On Friday, February 11th Walker introduced his bill which would effectively eliminate collective bargaining rights for all public employees except police and firefighters. Walker announced that he would lay off thousands of state workers if the legislature did not adopt his bill, and that he was placing the National Guard on standby. The attacks on working people and Walker’s heavy handed threats enraged people in Wisconsin. What started out by the Teaching Assistant Association (TAA) planning to protest by delivering valentines to legislators on Monday February 14 was soon followed by successive days of demonstrations by public sector workers including firefighters, who were exempted from the legislation. Soon hundreds of high school students walked out from classes in support of their teachers with their own signs calling out Walker.
No one expected that within a few days almost 100 thousand working people from all over the U.S. would descend on Madison to support the occupation of the capital and to defend workers rights.
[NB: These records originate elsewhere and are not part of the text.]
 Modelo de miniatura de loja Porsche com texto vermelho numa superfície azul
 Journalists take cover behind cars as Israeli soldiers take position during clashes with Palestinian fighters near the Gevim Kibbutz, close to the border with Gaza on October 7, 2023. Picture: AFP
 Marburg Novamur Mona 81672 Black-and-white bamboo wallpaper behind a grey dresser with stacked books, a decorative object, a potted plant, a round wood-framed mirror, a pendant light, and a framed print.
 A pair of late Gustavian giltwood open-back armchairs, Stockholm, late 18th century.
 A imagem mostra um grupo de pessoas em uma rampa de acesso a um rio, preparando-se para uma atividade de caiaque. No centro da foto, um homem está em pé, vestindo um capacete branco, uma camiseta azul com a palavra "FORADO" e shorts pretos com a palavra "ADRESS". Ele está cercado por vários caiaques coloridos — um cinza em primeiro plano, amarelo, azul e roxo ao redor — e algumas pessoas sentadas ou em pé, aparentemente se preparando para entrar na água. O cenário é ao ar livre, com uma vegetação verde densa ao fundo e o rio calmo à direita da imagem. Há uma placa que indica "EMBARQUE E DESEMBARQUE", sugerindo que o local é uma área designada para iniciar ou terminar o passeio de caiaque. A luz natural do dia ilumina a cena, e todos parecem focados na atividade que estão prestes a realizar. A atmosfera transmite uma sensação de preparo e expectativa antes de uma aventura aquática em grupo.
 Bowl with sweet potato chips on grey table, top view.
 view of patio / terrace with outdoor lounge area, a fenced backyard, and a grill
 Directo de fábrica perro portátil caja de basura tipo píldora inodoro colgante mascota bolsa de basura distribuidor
Wisconsin workers were inspired by the international struggles for democracy raging in Egypt and Tunisia. Worker solidarity shocked both Republicans and Democrats and union leaders. Not in generations had such a massive and militant protest been waged by working people. “Business as usual “could not happen and conventional methods for conducting union/management relations proved impotent. Sections of the union and labor movement were calling for a general strike to hammer home that enough was enough and that the working class would not be hammered down any more. But social structures were not in place to achieve victory.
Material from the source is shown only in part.